## Exercise goal
Write out each record in full and exactly as given. Skip any pictures.

## Input data
::::::
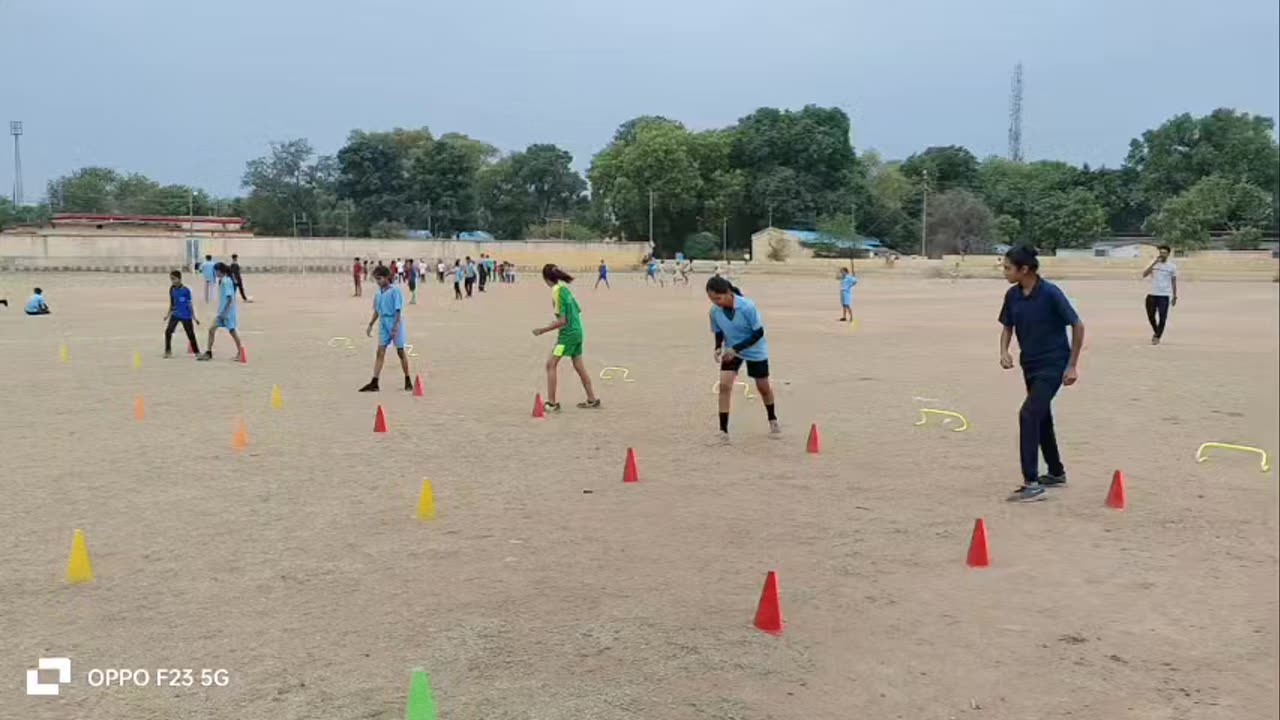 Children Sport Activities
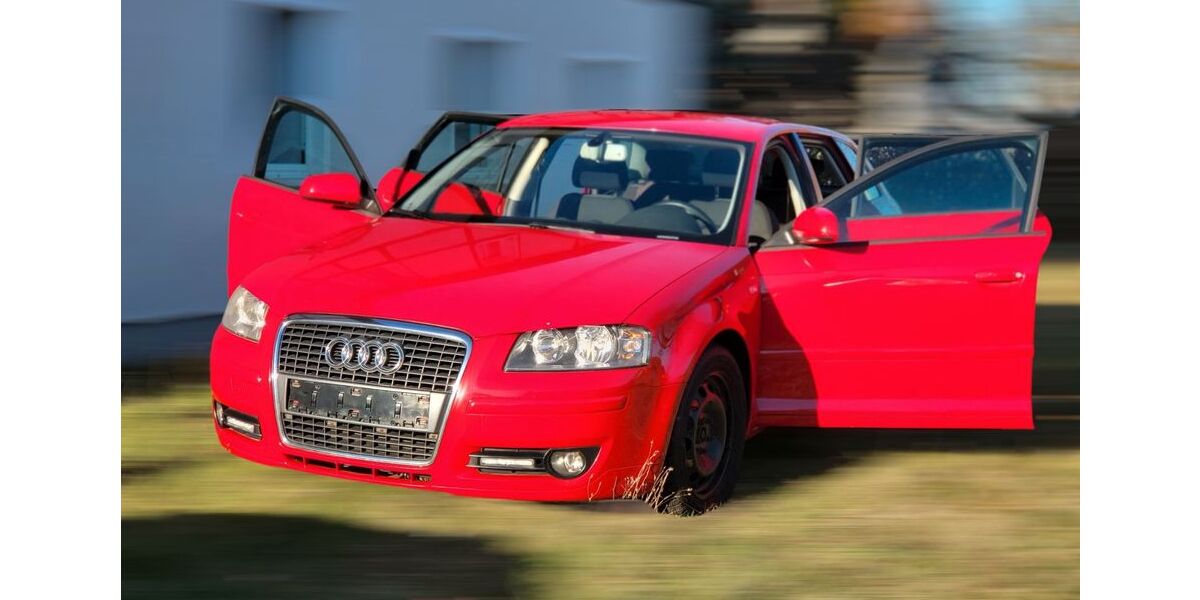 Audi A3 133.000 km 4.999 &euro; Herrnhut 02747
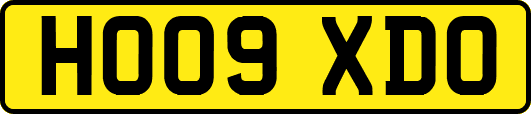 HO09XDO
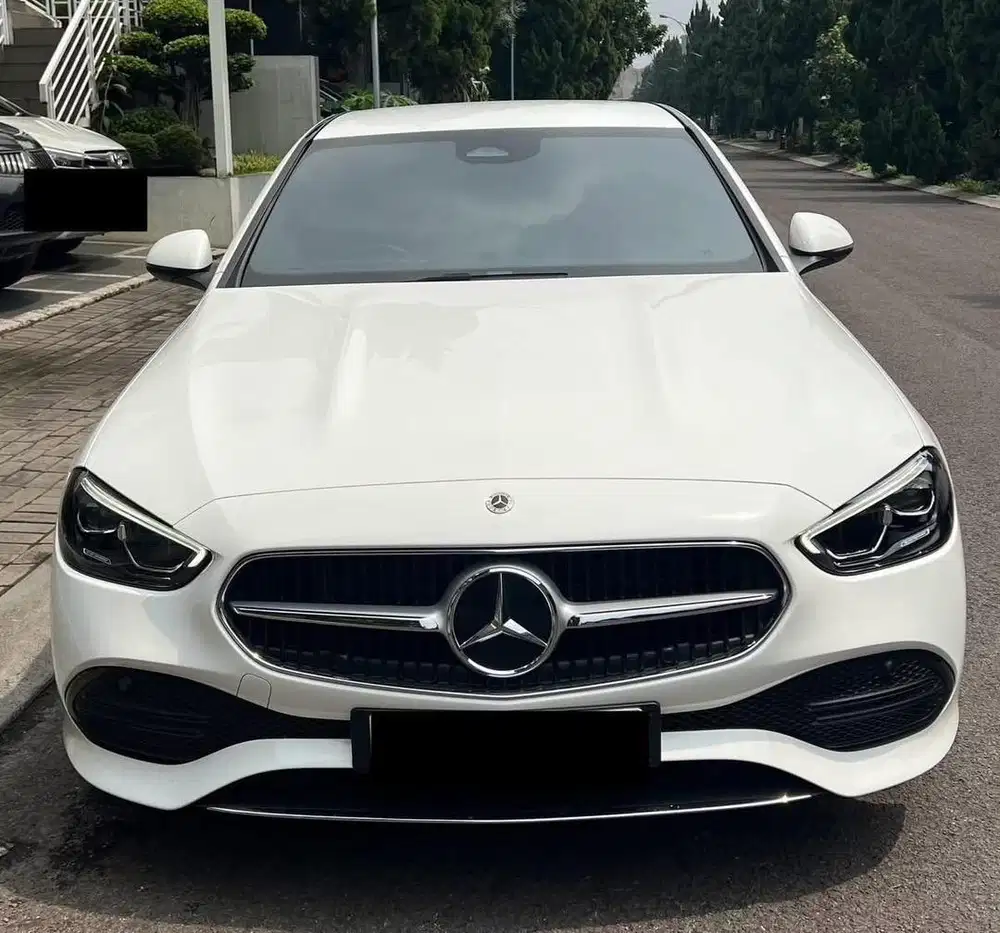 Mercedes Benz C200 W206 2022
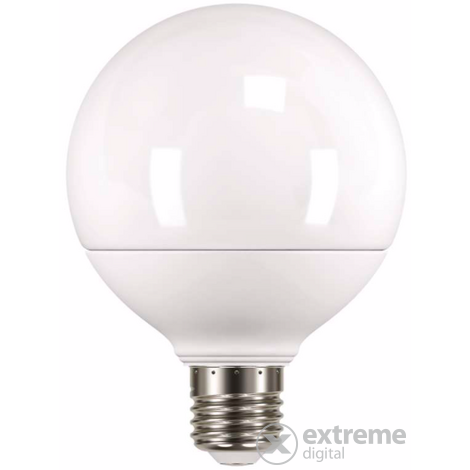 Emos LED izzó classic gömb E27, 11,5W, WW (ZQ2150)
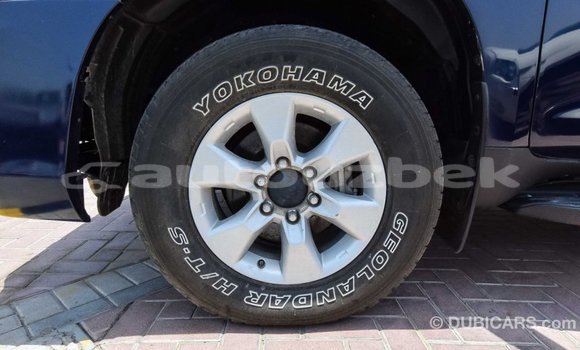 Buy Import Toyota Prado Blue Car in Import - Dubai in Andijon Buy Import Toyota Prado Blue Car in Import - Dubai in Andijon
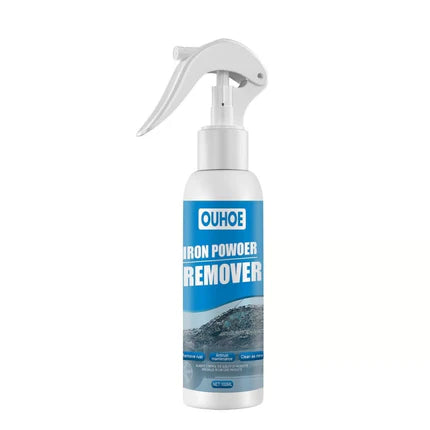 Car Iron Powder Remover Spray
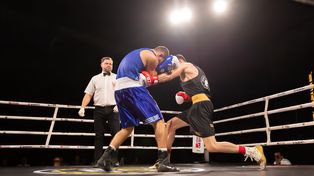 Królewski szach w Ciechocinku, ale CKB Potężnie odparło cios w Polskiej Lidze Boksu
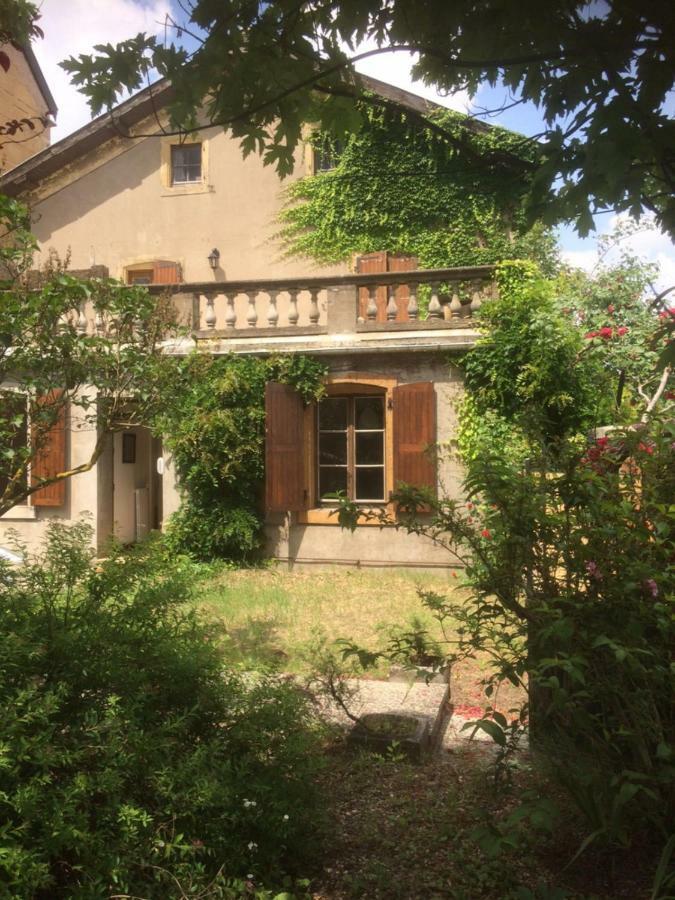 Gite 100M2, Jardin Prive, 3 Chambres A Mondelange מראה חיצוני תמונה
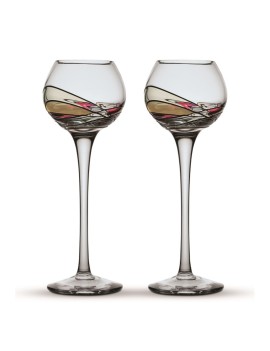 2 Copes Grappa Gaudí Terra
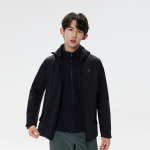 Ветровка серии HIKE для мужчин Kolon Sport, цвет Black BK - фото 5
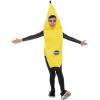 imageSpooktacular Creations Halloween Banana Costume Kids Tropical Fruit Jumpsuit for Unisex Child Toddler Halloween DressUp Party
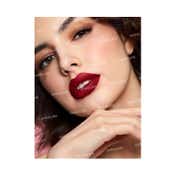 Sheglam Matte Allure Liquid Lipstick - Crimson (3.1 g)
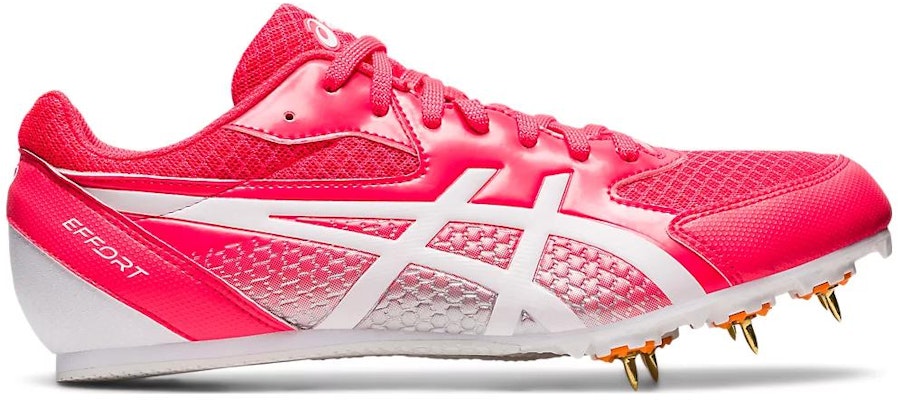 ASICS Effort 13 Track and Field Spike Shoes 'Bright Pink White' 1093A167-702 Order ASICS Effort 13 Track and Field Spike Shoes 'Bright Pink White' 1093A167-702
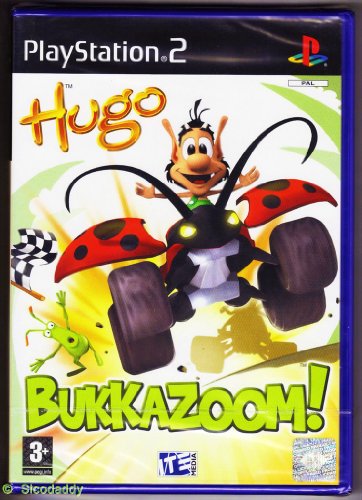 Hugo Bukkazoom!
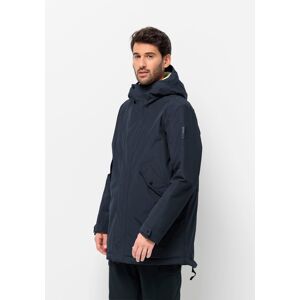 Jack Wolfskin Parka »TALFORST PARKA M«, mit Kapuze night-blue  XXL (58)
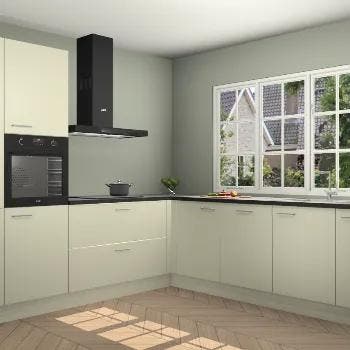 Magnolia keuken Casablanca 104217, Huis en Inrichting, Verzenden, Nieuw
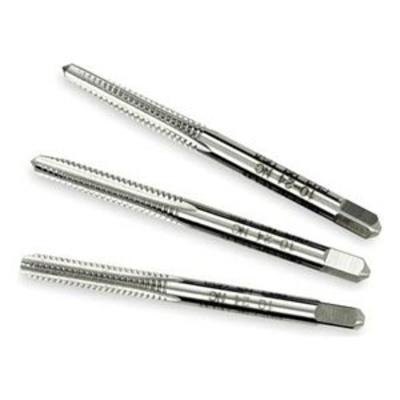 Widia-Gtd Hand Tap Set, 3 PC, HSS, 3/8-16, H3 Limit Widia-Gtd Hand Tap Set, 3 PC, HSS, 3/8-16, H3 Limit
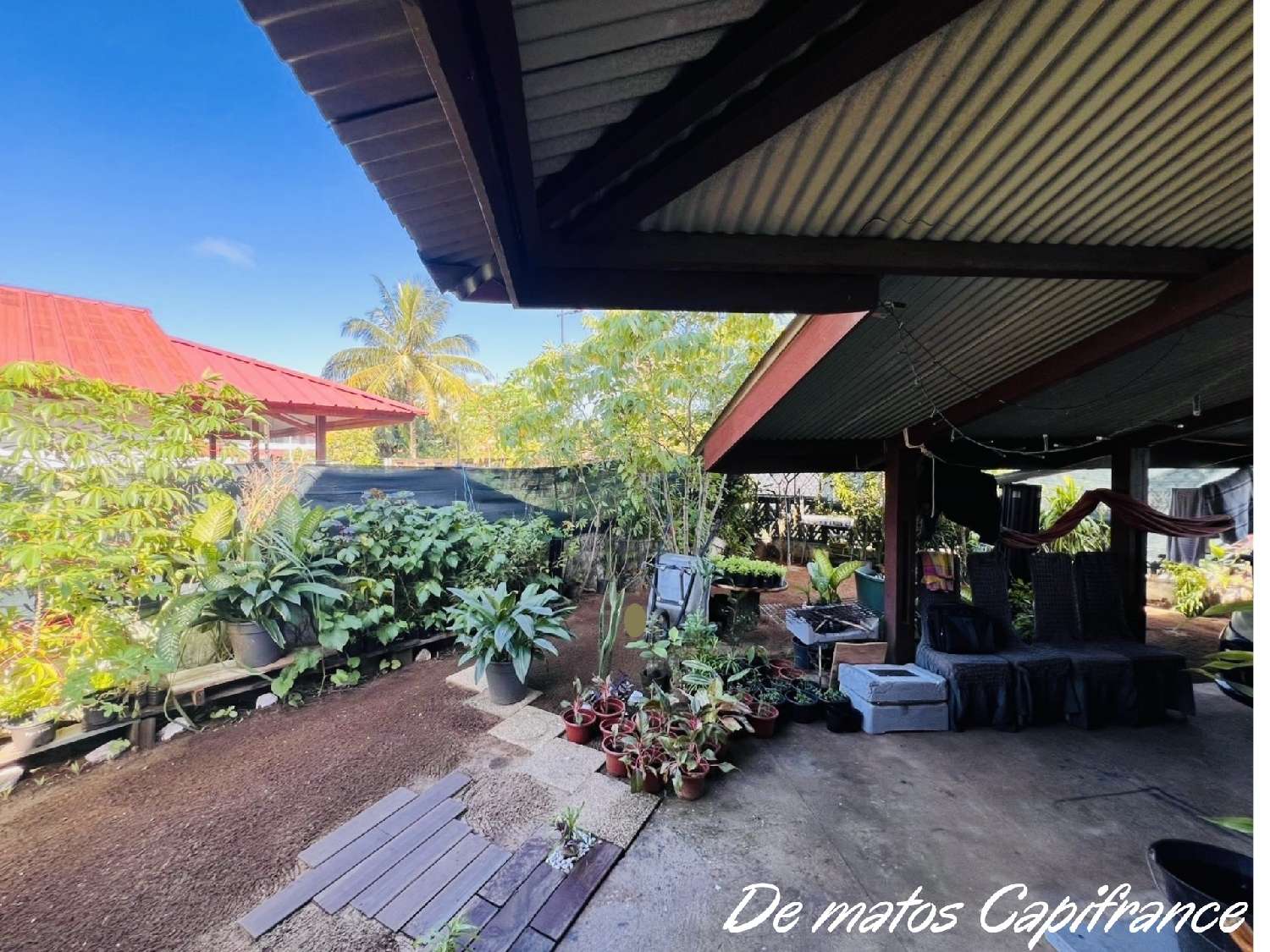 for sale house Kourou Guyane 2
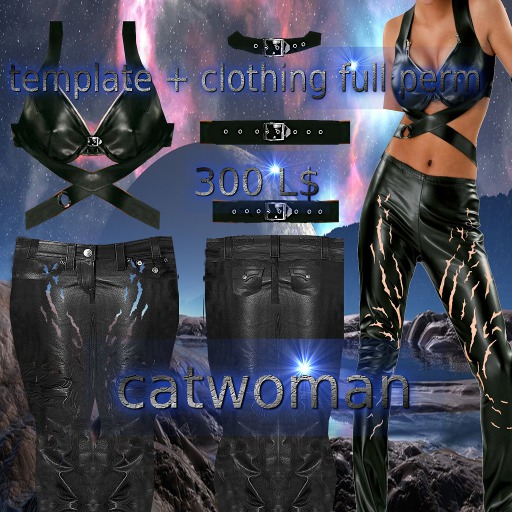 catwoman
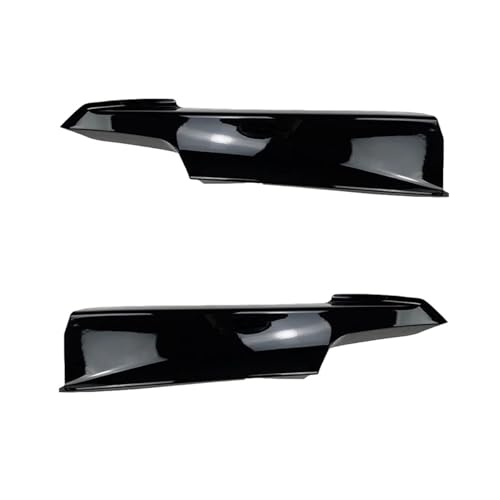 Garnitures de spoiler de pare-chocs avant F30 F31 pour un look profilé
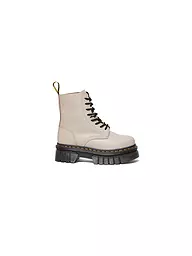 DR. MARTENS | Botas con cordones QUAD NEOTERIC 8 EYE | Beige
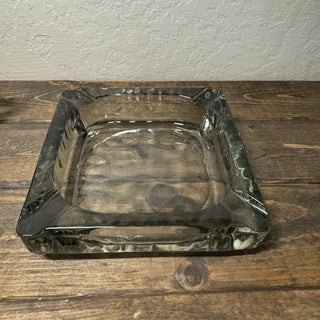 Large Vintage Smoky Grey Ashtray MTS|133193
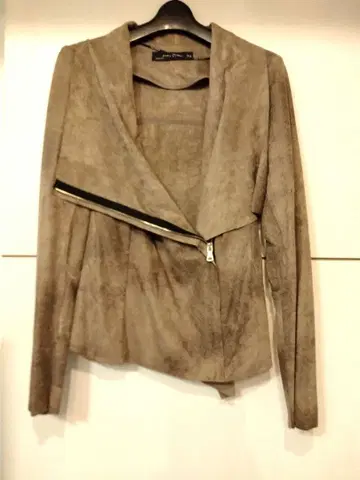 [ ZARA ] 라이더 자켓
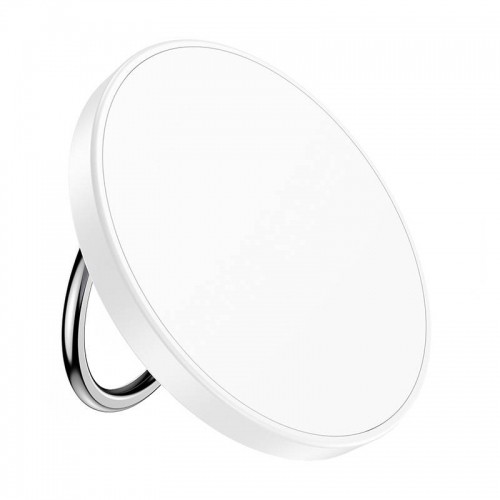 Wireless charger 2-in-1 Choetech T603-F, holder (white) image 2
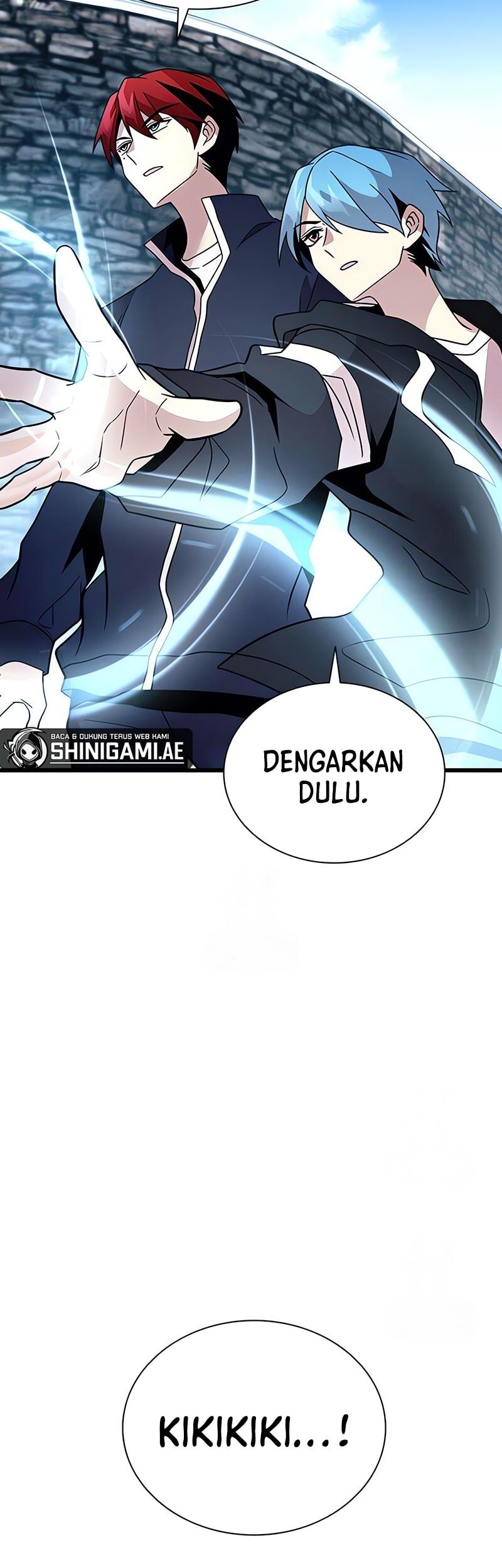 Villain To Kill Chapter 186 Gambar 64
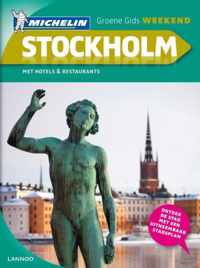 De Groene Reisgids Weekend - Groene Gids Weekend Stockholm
::::::
## Exercise response
 Children Sport Activities
 Audi A3 133.000 km 4.999 &euro; Herrnhut 02747
 HO09XDO
 Mercedes Benz C200 W206 2022
 Emos LED izzó classic gömb E27, 11,5W, WW (ZQ2150)
 Buy Import Toyota Prado Blue Car in Import - Dubai in Andijon Buy Import Toyota Prado Blue Car in Import - Dubai in Andijon
 Car Iron Powder Remover Spray
 Królewski szach w Ciechocinku, ale CKB Potężnie odparło cios w Polskiej Lidze Boksu
 Gite 100M2, Jardin Prive, 3 Chambres A Mondelange מראה חיצוני תמונה
 2 Copes Grappa Gaudí Terra
 Ветровка серии HIKE для мужчин Kolon Sport, цвет Black BK - фото 5
 imageSpooktacular Creations Halloween Banana Costume Kids Tropical Fruit Jumpsuit for Unisex Child Toddler Halloween DressUp Party
 Sheglam Matte Allure Liquid Lipstick - Crimson (3.1 g)
 ASICS Effort 13 Track and Field Spike Shoes 'Bright Pink White' 1093A167-702 Order ASICS Effort 13 Track and Field Spike Shoes 'Bright Pink White' 1093A167-702
 Hugo Bukkazoom!
 Jack Wolfskin Parka »TALFORST PARKA M«, mit Kapuze night-blue  XXL (58)
 Magnolia keuken Casablanca 104217, Huis en Inrichting, Verzenden, Nieuw
 Widia-Gtd Hand Tap Set, 3 PC, HSS, 3/8-16, H3 Limit Widia-Gtd Hand Tap Set, 3 PC, HSS, 3/8-16, H3 Limit
 for sale house Kourou Guyane 2
 catwoman
 Garnitures de spoiler de pare-chocs avant F30 F31 pour un look profilé
 DR. MARTENS | Botas con cordones QUAD NEOTERIC 8 EYE | Beige
 Large Vintage Smoky Grey Ashtray MTS|133193
 [ ZARA ] 라이더 자켓
 Wireless charger 2-in-1 Choetech T603-F, holder (white) image 2
 Villain To Kill Chapter 186 Gambar 64
 De Groene Reisgids Weekend - Groene Gids Weekend Stockholm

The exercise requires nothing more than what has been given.